Maureen Mnisi, who lives on the other side of Soweto in Protea South, is one of those living in squatter camps, euphemistically known as an “informal settlements.”

“We voted for our government because we believed the system would change. But so far it still hasn’t benefited the poor; we’re still suffering,” Maureen, told me on a scorching day last month. “For 10 years now they have been promising us [the government would provide housing]. How can we trust them?”

Maureen, a lifelong ANC supporter who says she won’t vote in the April 14 elections, gave me a tour of her neighborhood. The muddy, pot-holed roads were strewn with garbage, and an endless maze of shacks dotted the area.

Back on the hip-hop scene, I met Dice, Bushweed, Crack, Africa Sobhusa, Bobby 6 Killa, and Jika Joe at Jam & Sons Bar and Grill, which has recently started a weekly open mike session in a rundown neighborhood of downtown Johannesburg.

All from desperately poor backgrounds, and many from a former life of crime, the six now prefer to channel their frustration and angst into their rap music.

“We talk about the problems we’re facing as youth.
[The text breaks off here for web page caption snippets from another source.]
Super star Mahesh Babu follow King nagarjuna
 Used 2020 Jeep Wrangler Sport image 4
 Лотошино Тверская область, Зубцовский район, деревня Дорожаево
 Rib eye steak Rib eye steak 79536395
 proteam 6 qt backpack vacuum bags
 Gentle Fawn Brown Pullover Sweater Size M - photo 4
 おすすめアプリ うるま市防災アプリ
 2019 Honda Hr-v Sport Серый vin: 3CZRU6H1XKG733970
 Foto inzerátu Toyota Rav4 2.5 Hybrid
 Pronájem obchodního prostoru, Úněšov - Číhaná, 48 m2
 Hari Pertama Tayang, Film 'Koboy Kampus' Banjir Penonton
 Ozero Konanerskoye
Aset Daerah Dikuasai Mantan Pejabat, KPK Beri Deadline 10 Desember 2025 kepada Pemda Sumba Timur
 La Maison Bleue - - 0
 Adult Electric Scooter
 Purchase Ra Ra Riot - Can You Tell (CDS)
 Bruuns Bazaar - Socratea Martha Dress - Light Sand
We don’t have money to educate ourselves,” Dice told me. “We don’t rob somebody. We’re trying to get ourselves together.” They hope to be as big as Skwatta Camp some day.

“My father died with nothing. I don’t want to die like him. I don’t smoke drugs, I work to reach a good point in my life,” Jika Joe explained as the jam session ended. “Our fathers were oppressed. We didn’t have facilities after Mandela opened the doors. Now it’s up to us to open our own doors.”